People of exceptional size are apparently denied boarding on a regular basis over on Southwest Airlines. In fact paid passengers of all shapes and sizes risk getting bumped from any number of full (or nearly full) flights on every airline I've ever flown. It's not as though the average casual airline passenger can easily dis/prove precisely why they were bumped in a court of law unless the airline staff volunteer that information. Not to mention that US airlines have far more legal protection from consumers than most Americans seem to realize.


----------



## jis (Dec 28, 2011)

Texas Sunset said:


> DET63 said:
> 
> 
> > Deny boarding to the overweight passenger. No chance of that unless you want to risk a civil-rights lawsuit. The overweight fellow had bought and paid for a ticket; he had a right to board.
> ...


Before Denver International Airport was built, at Stapleton it was a regular event to get denied boarding due to weight restrictions, specially in the summer. Short runway at Stapleton was to blame and many flight departed on 3/4ths full. I have spent countless nights in Denver having been denied boarding and bumped to the first morning flight to Salt Lake City on transfer from EWR at Denver.


----------



## leemell (Dec 28, 2011)

jis said:


> Texas Sunset said:
> 
> 
> > DET63 said:
> ...


Actually it was a combination of the altitude (5290') and less than ideal runway length.


----------



## Devil's Advocate (Dec 28, 2011)

leemell said:


> jis said:
> 
> 
> > Texas Sunset said:
> ...


Well, if we're going to get technical then I suppose we could say it was a combination of _altitude, runway length, weight, temperature, route length, available lift, maximum thrust_, and so on.
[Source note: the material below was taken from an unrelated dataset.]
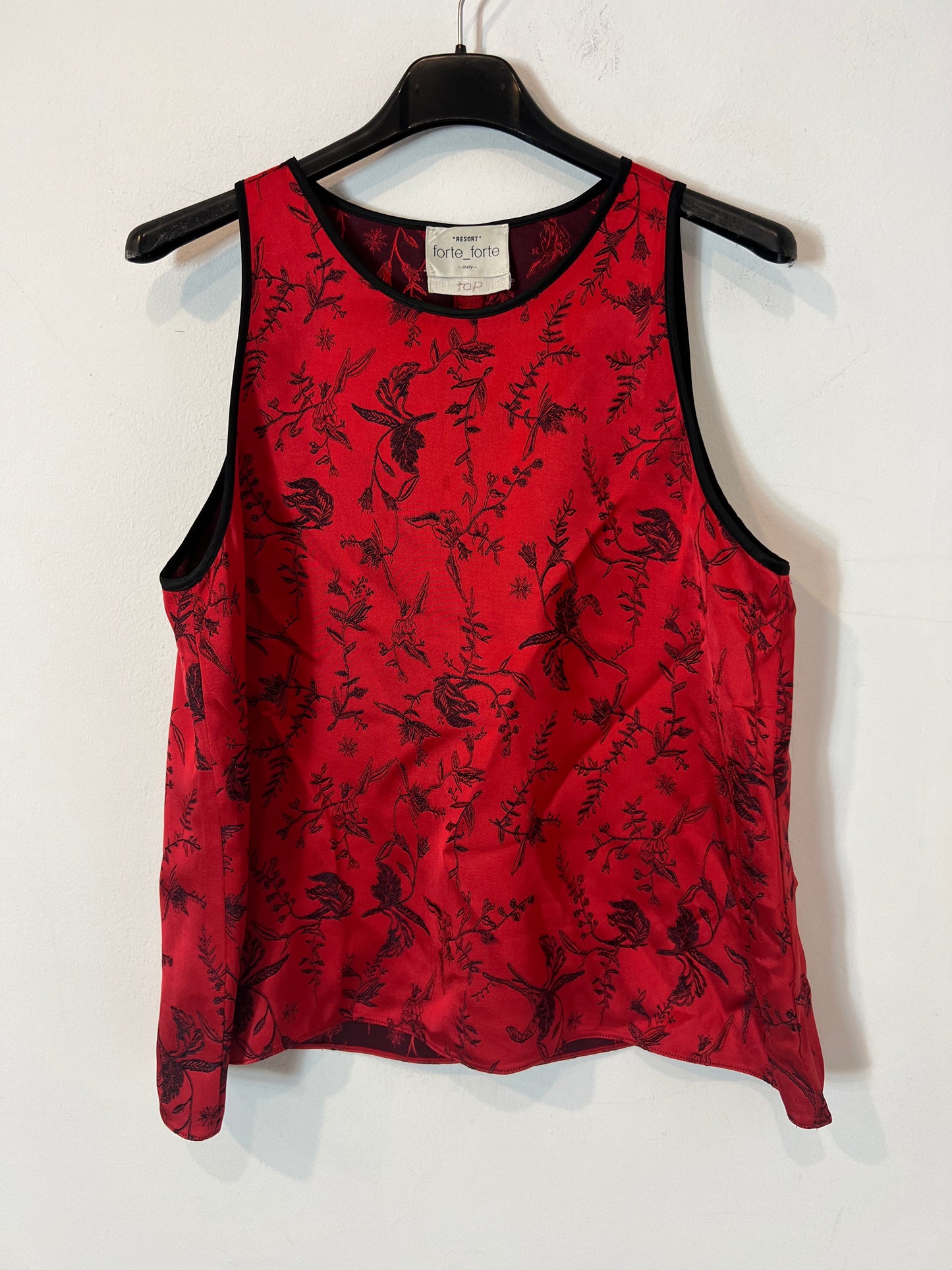 FORTE FORTE. Top rojo bordado negro  T.s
I'm sorry for simply saying "full or nearly full" when I could have brought all that up. :lol:


----------



## leemell (Dec 28, 2011)

Texas Sunset said:


> leemell said:
> 
> 
> > jis said:
> ...


Having piloted planes out an adjacent airport and flown out of Stapleton commercially, I think I can speak to the main concerns and limitations that apply. For airlines the route length, thrust, runway length are essentially fixed. For airports in Denver, summer time temperatures raise the density altitude to a point that the lift cannot safely support the plane. The only variable available to the pilot is aircraft gross weight. That means reducing one or all of these; fuel load, luggage and passengers. Guess what the airlines do? Pilots always are concerned with high, hot, and humid. BTW, I was not replying to you but to jis.


----------



## saxman (Jan 7, 2012)

leemell said:


> Texas Sunset said:
> 
> 
> > leemell said:
> ...


Weather at the destination airport also has to do with it. Low ceilings and visibility require an alternate airport to be filed and the extra fuel is needed to get from the destination to the alternate airport. Extra fuel also means extra weight.
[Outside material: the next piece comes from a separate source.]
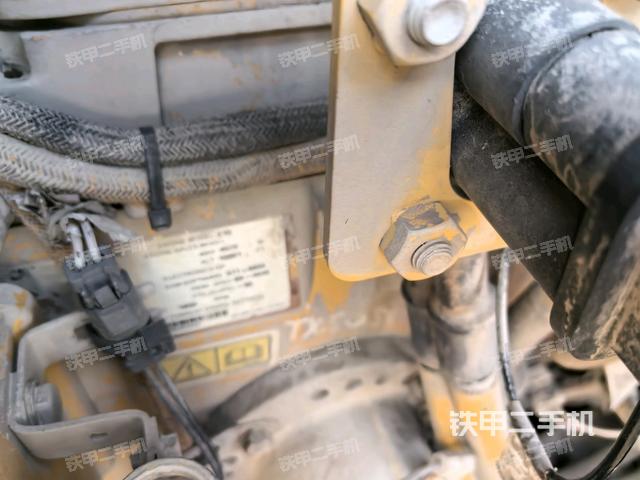 風(fēng)扇及皮帶(推土機(jī)發(fā)動(dòng)機(jī)艙) 風(fēng)扇及皮帶(推土機(jī)發(fā)動(dòng)機(jī)艙)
Of course now, DIA's longest runway is 16,000 feet long. Hardly a problem anymore.


----------



## jis (Jan 7, 2012)

On long flight legs there is another pressing issue - that of fuel weight. On SFO - SYD flights pilots tend to to not off load revenue loads to take on extra fuel in the face of headwinds, but choose to do a refueling stop at Nandi on Fiji Island. Happened to me twice so far. It may be the case the're flying so close to the edge of the envelope of the aircraft's load/range curve anyway that it is easier to take a hit on schedule instead of on load.

There are other cases where they take planned hit on the load below deck to maintain schedule - e.g. CO's DEL - EWR that I will be flying on later today, which is right on the edge of capability of the 777-200ER. I am hoping that due to the unusually powerful jet stream at present (the eastbounds are arriving over an hour ahead of schedule) they will take the unusual trans-polar route today. We'll see.


----------



## Green Maned Lion (Mar 7, 2012)

"president of a building products company" eh?

I am president, chairman, CEO, treasurer, and majority share holder, of Lionsgate Glove & Safety, Inc., a Pennsylvania corporation operating out of Adamstown. I created this company to hold my inventory, commercial truck, and name in a manner easy to sell while limiting my

Personal liability, and allowing me to register and insure said truck in PA for intrastate operations without becoming a legal PA resident myself.

And gaining my operation the inherent respect customers assign to corporations.

Whatever the reasons, it cost me $600 total to do it.

My personal finances? I live in a $600 a month rented trailer, which at present I can barely afford. Titles are meaningless.


----------



## nightrider (Mar 8, 2012)

DET63 said:


> saxman said:
> 
> 
> > I don't know of a single flight attendant that would allow a passenger to stand during takeoff and landing. There would be pretty big implications if they did.
> ...


If I was seated first, no way I would yield my space to an overweight passenger trying to encroach my space. Let him contain himself into his seat, or let him find another seat or if necessary, another flight. I would not be 'bumped' this way.....

JMHO, but anyone so obese they cannot contain themself into a regular seat should have to pay for another fare or a premium class seat if necessary. The airline, and other passengers, should not have to pay to accommodate such individuals.


----------